**TRY IT:** Beginning with the line below that contains "St. Andrew Catholic Gets Third Rodgers Organ" and ending with the line that contains "Catrike 559 Folding Recumbent Trike", retype every line exactly. Pictures are not copied.

**STUDY MATERIAL:**
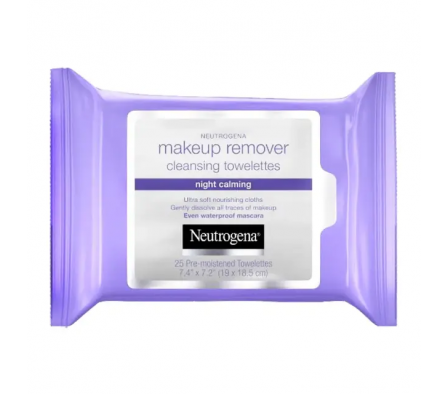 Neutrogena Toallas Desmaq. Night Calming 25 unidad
* * *
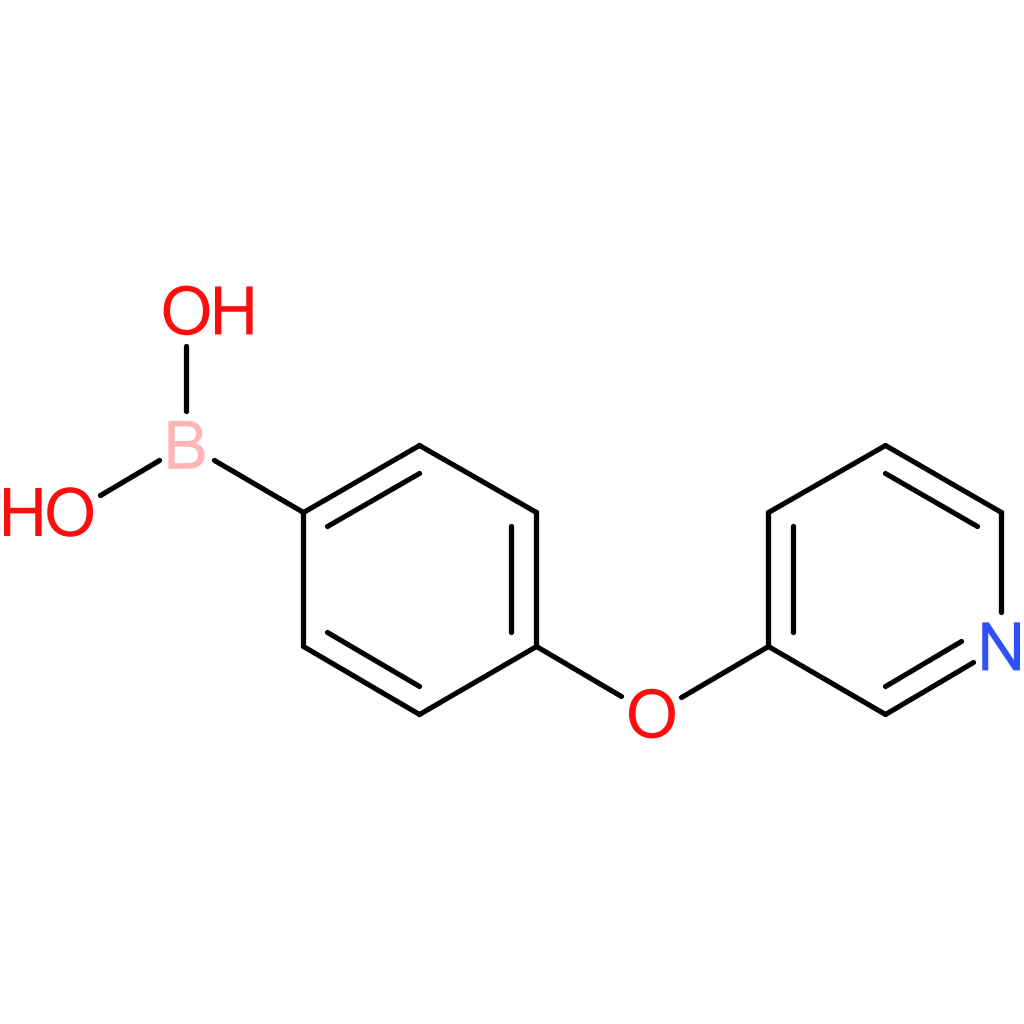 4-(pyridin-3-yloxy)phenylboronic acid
* * *
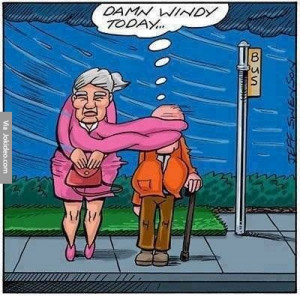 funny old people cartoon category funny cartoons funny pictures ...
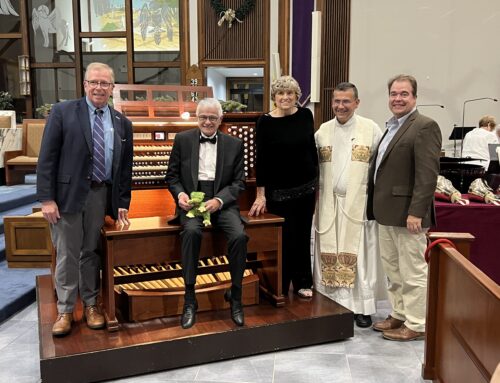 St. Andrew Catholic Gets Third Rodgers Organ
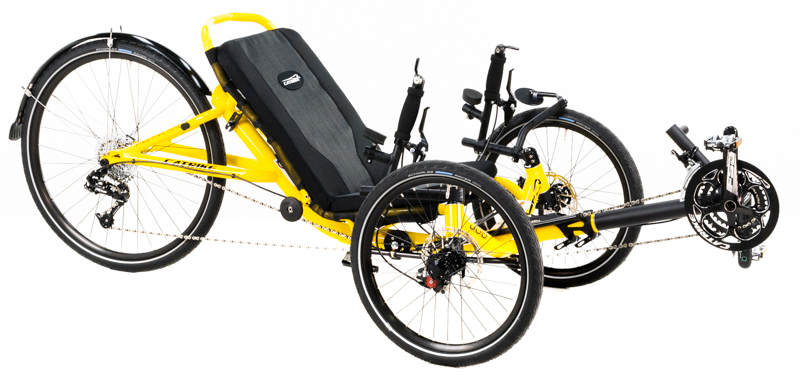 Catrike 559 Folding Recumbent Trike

**RESULT OF THIS EXERCISE:**
 St. Andrew Catholic Gets Third Rodgers Organ
 Catrike 559 Folding Recumbent Trike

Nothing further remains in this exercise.